Food Law: Lasting solutions to solving import rejections
When a shipment is rejected at the border, the clock starts ticking as storage fees accumulate and delays risk disrupting carefully planned logistics. Finding the right solution often involves co-ordinating with multiple providers and regulators to determine the root cause and fix the issue.
When foods are imported into Canada, CFIA receives commercial import data electronically from Canada Border Services Agency (CBSA) via the CBSA’s Single Window Initiative (SWI) – Integrated Import Declaration (IID). SWI streamlines the sharing of commercial import data between the import community and the Government of Canada. Participating government departments and agencies rely on IID data to validate import information and to ensure requirements are being met.
The information conveyed through SWI is intended to satisfy a variety of legislative regimes. As such, service options must accommodate complex and, sometimes, disparate regulatory requirements.
Two recent issues demonstrate the importance of co-ordination among regulators and the import community.

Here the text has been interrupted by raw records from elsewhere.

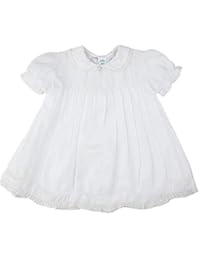 Feltman Brothers Baby Girls White Collared Lace Embroidered Slip Dress 6M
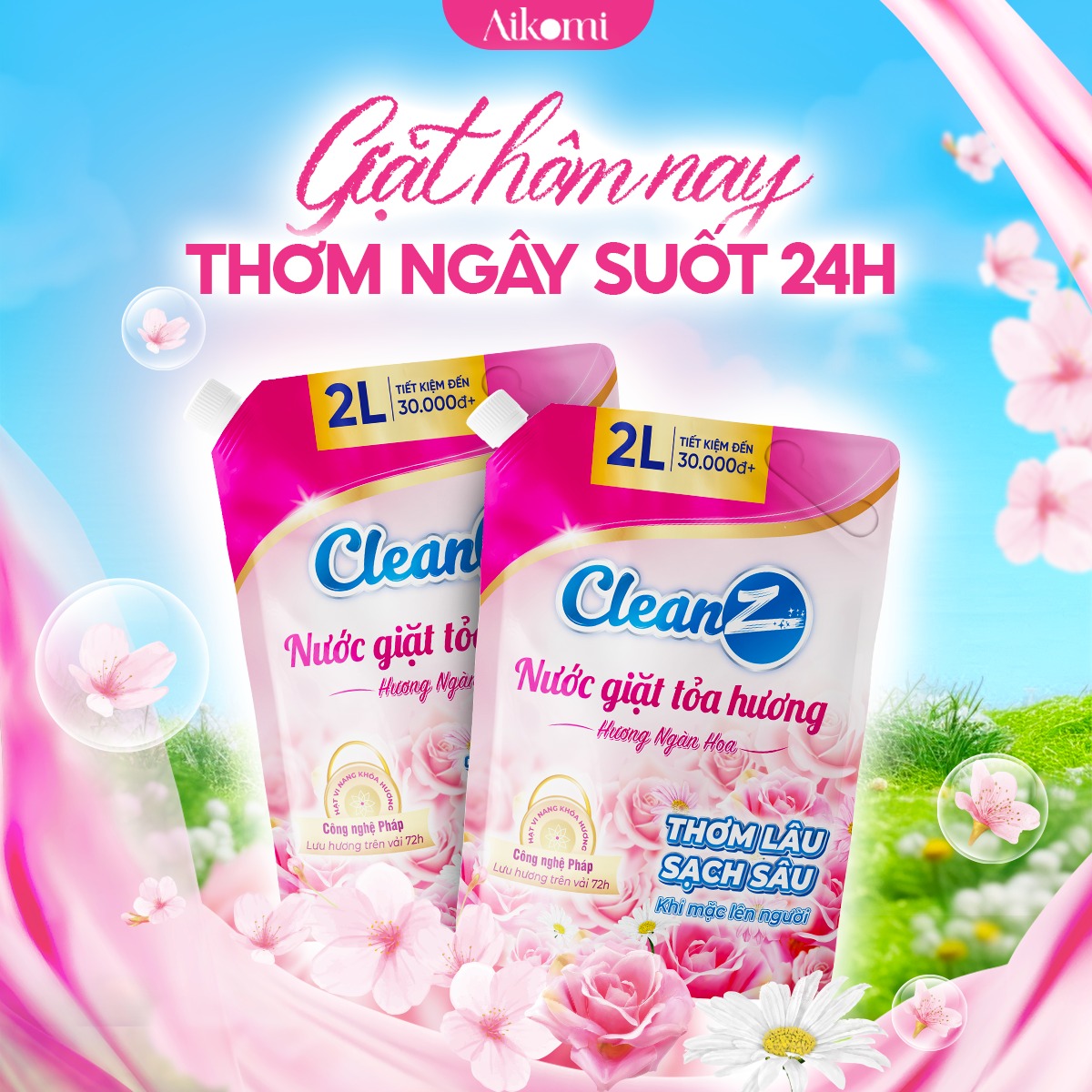 NƯỚC GIẶT TOẢ HƯƠNG CLEANZ - BÍ QUYẾT CHO QUẦN ÁO CÀNG MẶC CÀNG THƠM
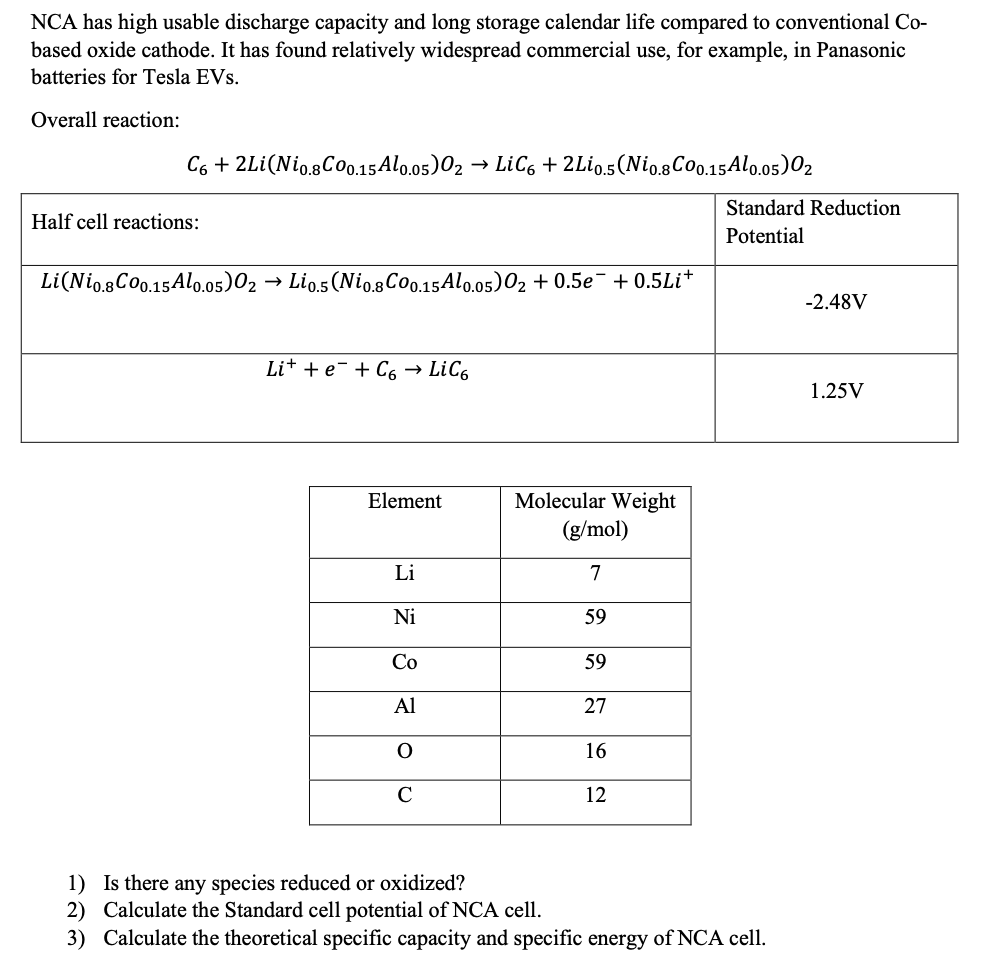 Solved NCA has high usable discharge capacity and long | Chegg.com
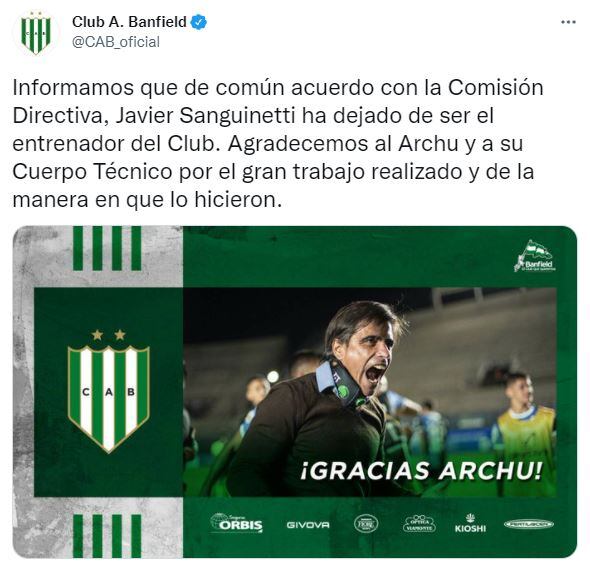 Javier Sanguinetti se fue de Banfield.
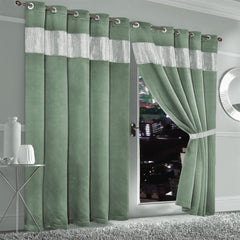 Olivia Rocco Diamante Blackout Eyelet Curtains, Tie Backs, Sage Green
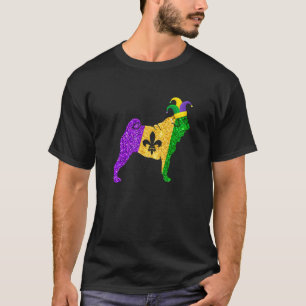 Funny Pug Dog Lover Cute Mardi Gras Carnival Premi T-Shirt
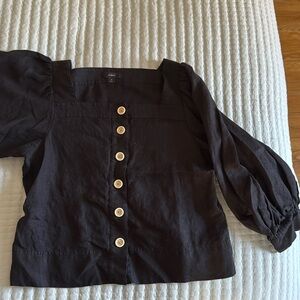 J. Crew Black Square-Neck Button Front Puff Sleeve Top
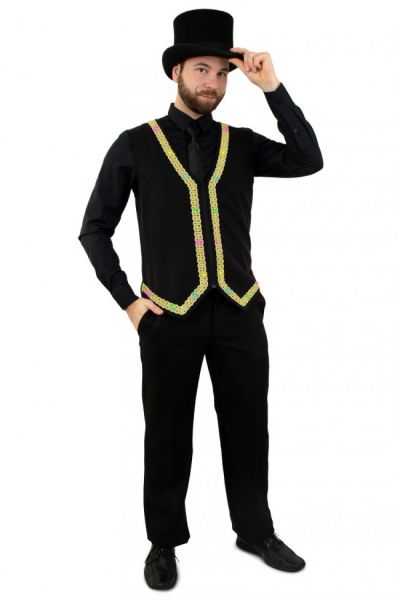 Men waistcoat with lighting with gold piping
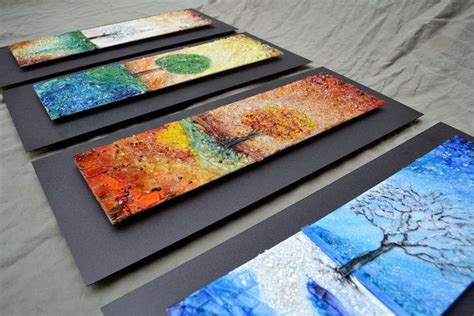 The Four Seasons Fused Glass Wall Art With Textured Relief Etsy Fused Glass Wall Art Fused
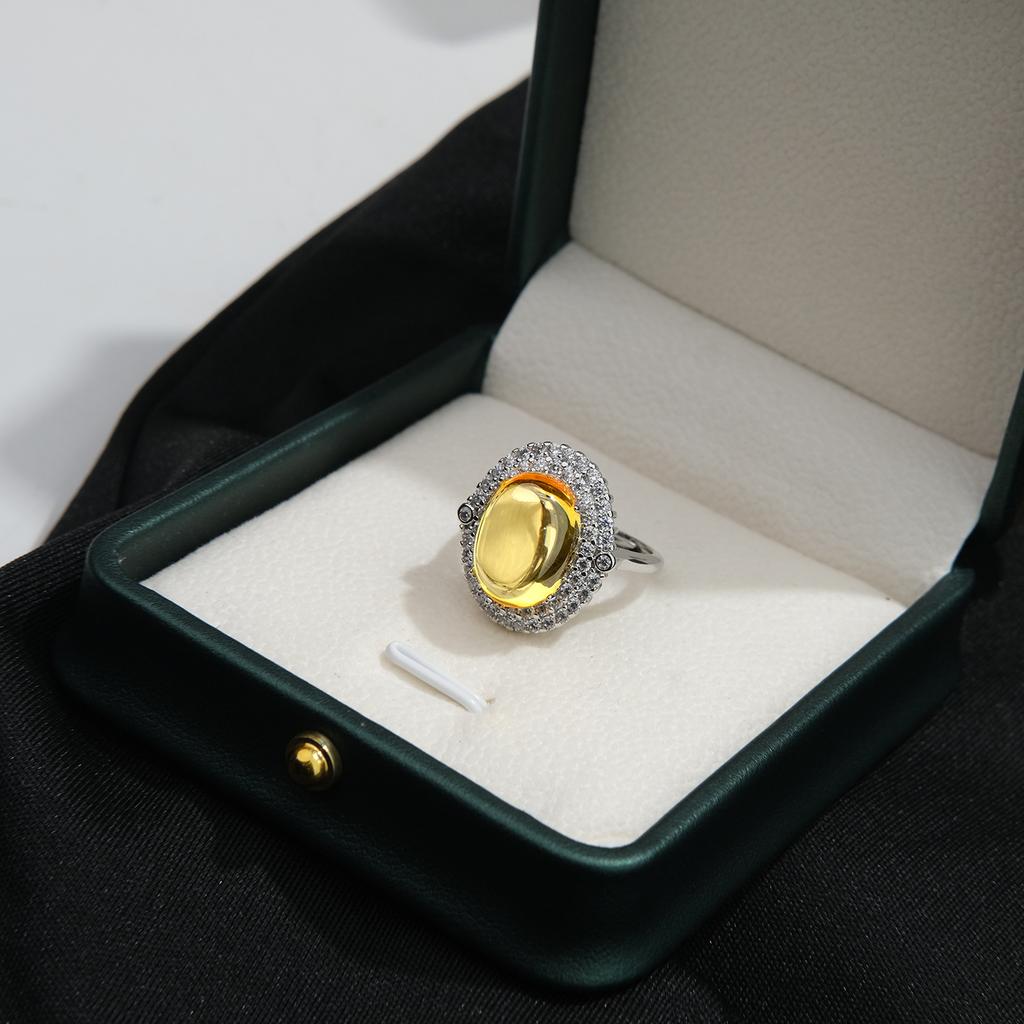 925 Sterling Silver Vintage Yellow Round Zircon Adjustable Ring Wedding Anniversary Party Gift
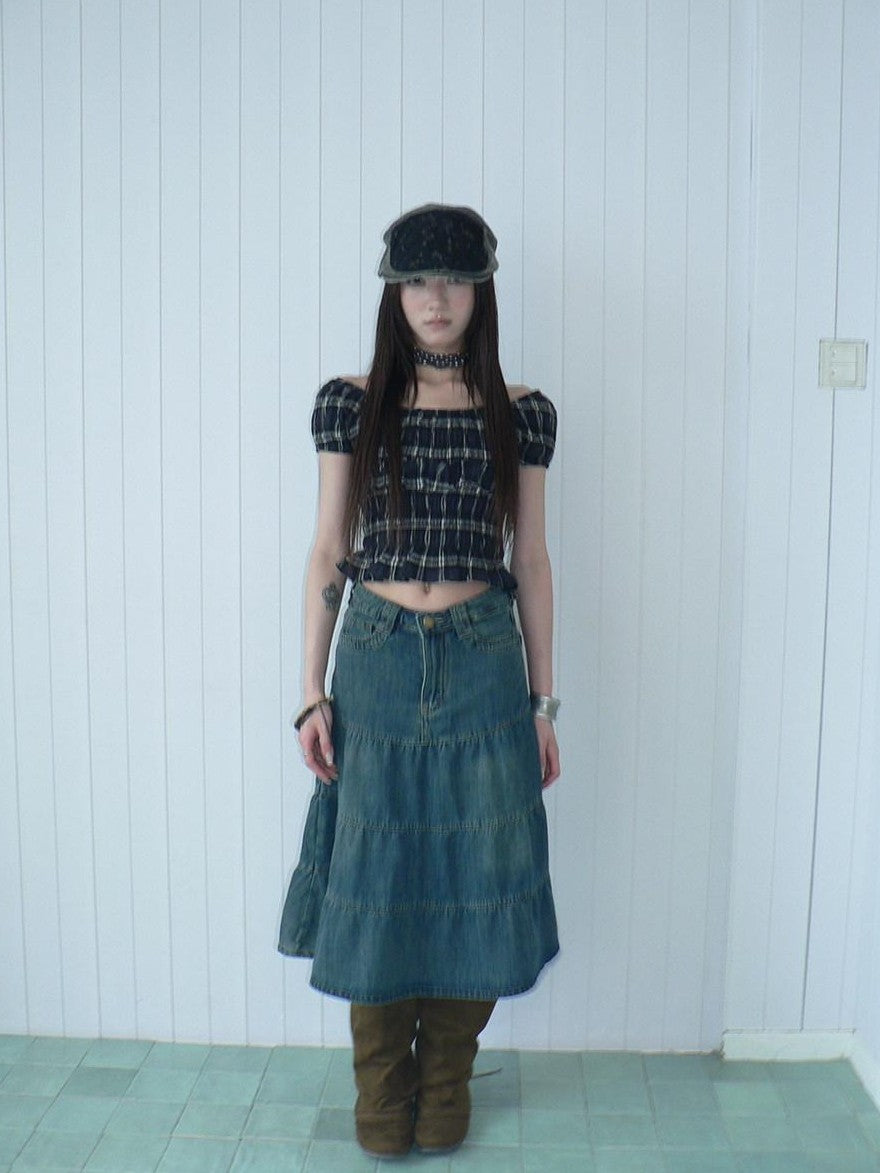 ang project Blue Plaid Off Shoulder Waist Cinched Puff Sleeve Printed Women&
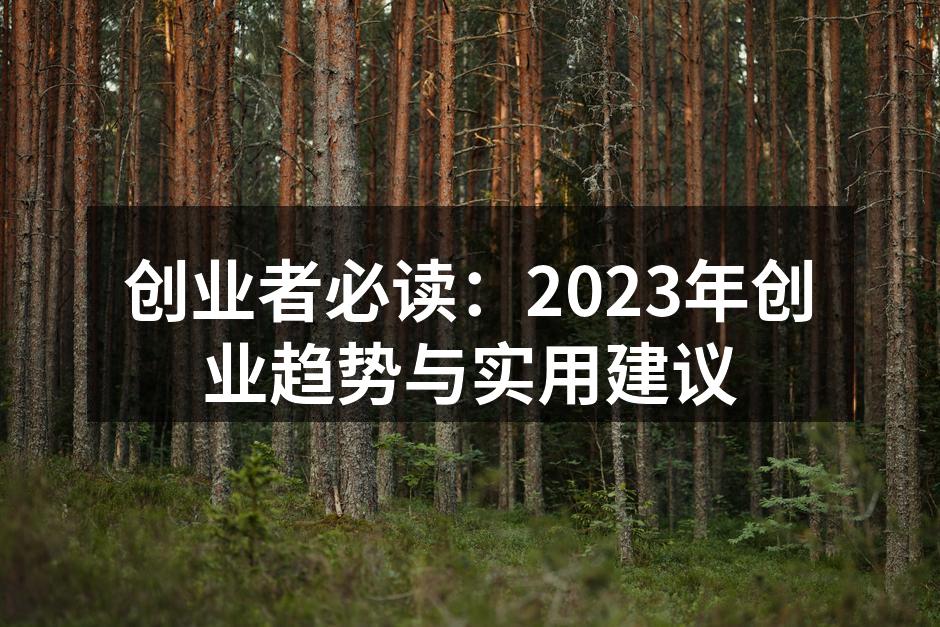 创业者必读：2023年创业趋势与实用建议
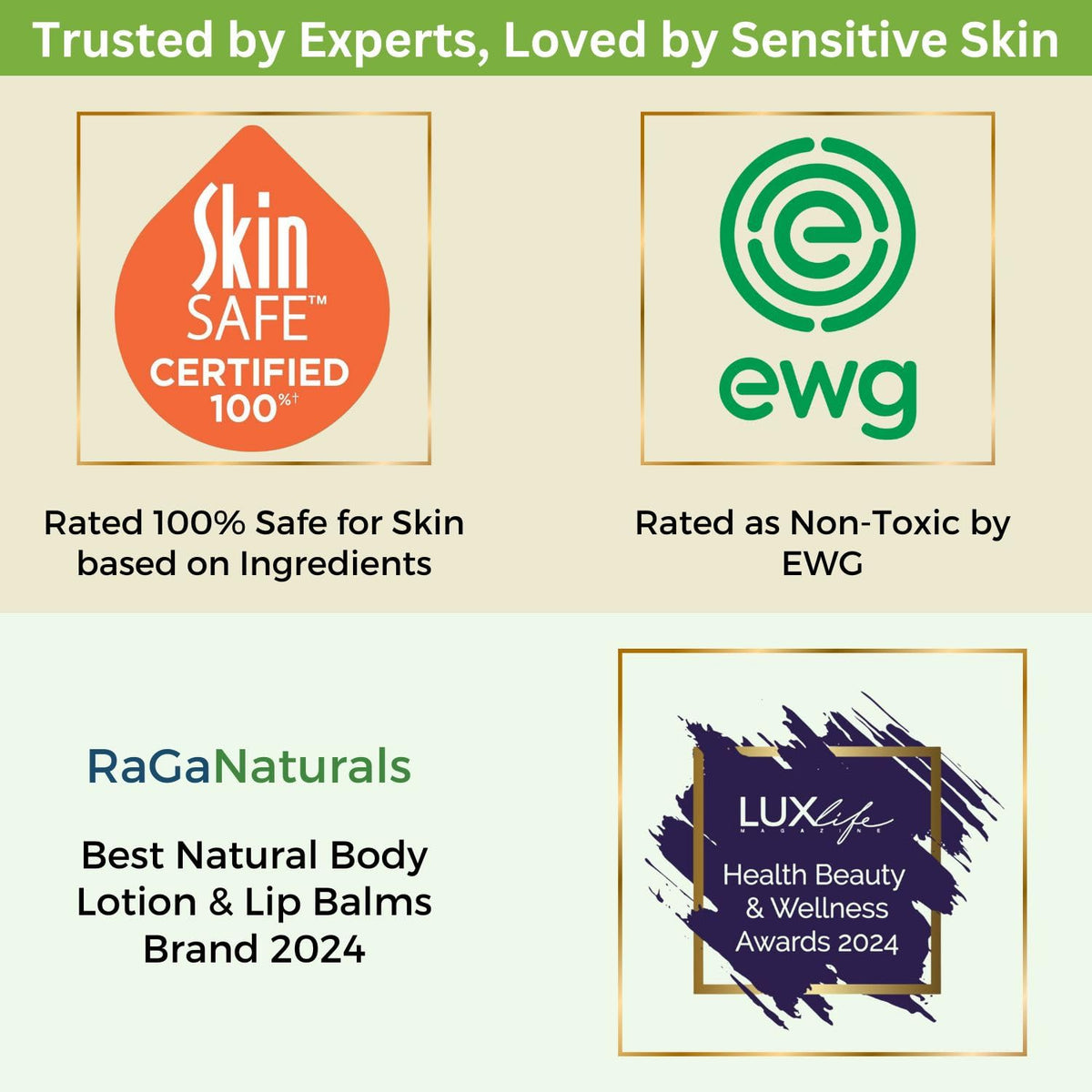 RaGaNaturals USA-made seal on lotion packaging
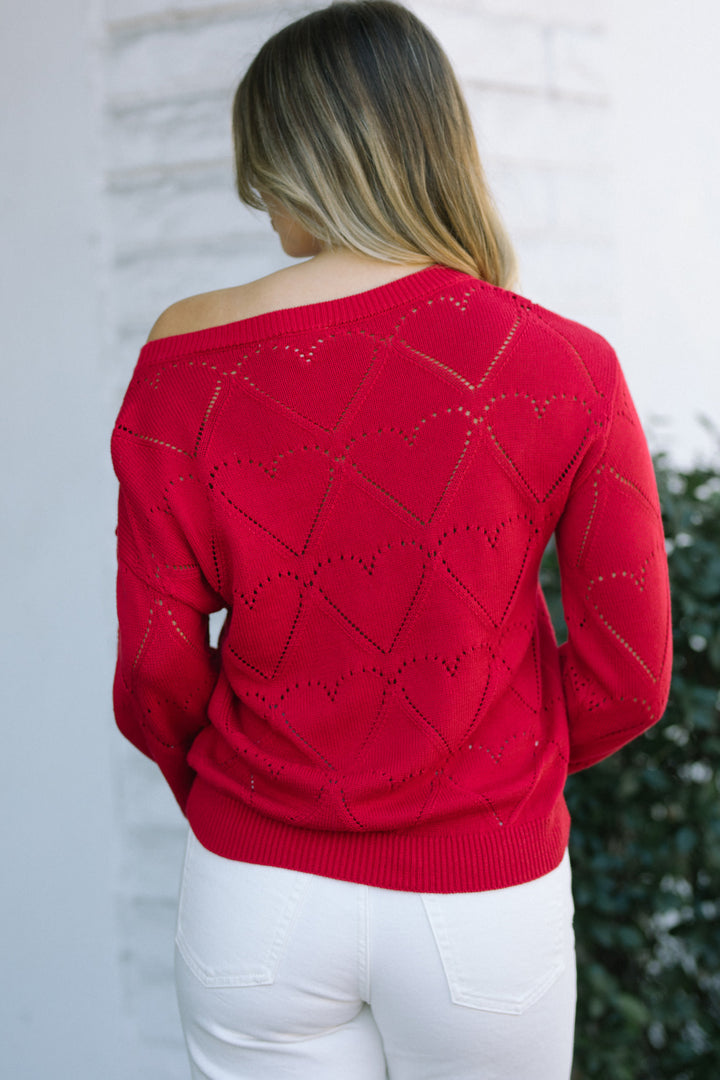 Hailey Heart Pointelle Knit Sweater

Declaring Importer of Record and SFC Licensed Importer
As food distribution becomes increasingly global, so do the legal entities involved in delivering food to Canadians. Whether due to tax, commercial or residency requirements, there are many legal reasons why the Importer of Record declared for customs purposes may be a different legal entity than the SFC Licenced Importer. However, current IID data fields do not provide a method by which to declare an SFC Licenced Importer specifically. This lack of functionality presents an issue as the Safe Food for Canadians Regulations (SFCR) require importers to declare the name and address of the SFC Licensed Importer as well as the licence number. In cases where the Importer of Record and the SFC Licensed Importer are different entities, there is no way to communicate this information via IID. Further, the discrepancy has been noted by CFIA as a possible non-compliance (i.e. erroneously suggesting the wrong SFC licence number had been declared).
The CFIA has taken action to address this issue, and is in the process of reviewing IID data fields to determine how best to capture the name and address of the SFC Licenced Importer. In the meantime, CFIA has confirmed the declaration of the SFC licence number will be sufficient to allow CFIA to access the associated name and address of the SFC Licensed Importer for the purpose of SFCR.
Solution for HS codes shared by foods and NHPs
Last December, our colleague Dr. Jon-Paul Powers wrote in this column about the confusion and delays experienced by importers of natural health products (NHPs) whose shipments were being automatically rejected at the border for failure to enter an SFC licence. The import issues arose due to the Automated Import Reference System (AIRS) linking certain HS codes with the requirement for an SFC licence. In fact, the system was not implemented in a manner that recognized that in some cases, the same HS code can apply to a food or an NHP. Specifically, when there is a regulatory jurisdictional overlap in relation to an HS code, the SWI system necessitates the import requirements be satisfied for all applicable programs. For NHPs, this meant forcing the declaration of an SFC licence, even though the import of an NHP, a subset of drugs, must occur via a site licence, not a food licence.
Resolving this issue involved co-ordination with both Health Canada and CFIA. Requests were made to add affected HS codes to Health Canada’s Regulated Commodities Data Element Matching Criteria for NHPs, and CFIA updated AIRS to include an “Other End Use” exemption such that the other government department regulating the goods can be identified.
Moving forward, Health Canada intends to co-ordinate with CBSA and CFIA to ensure exemption codes are available for any potentially new overlapping HS codes added to the Data Matching tables. Industry is encouraged to reach out and bring affected HS codes to Health Canada’s attention.
Rejected shipments lead to delays and costs. This increases the pressure on businesses to implement a “quick fix” rather than investigate and resolve the root cause. However, certain actions can trigger unintended legal consequences.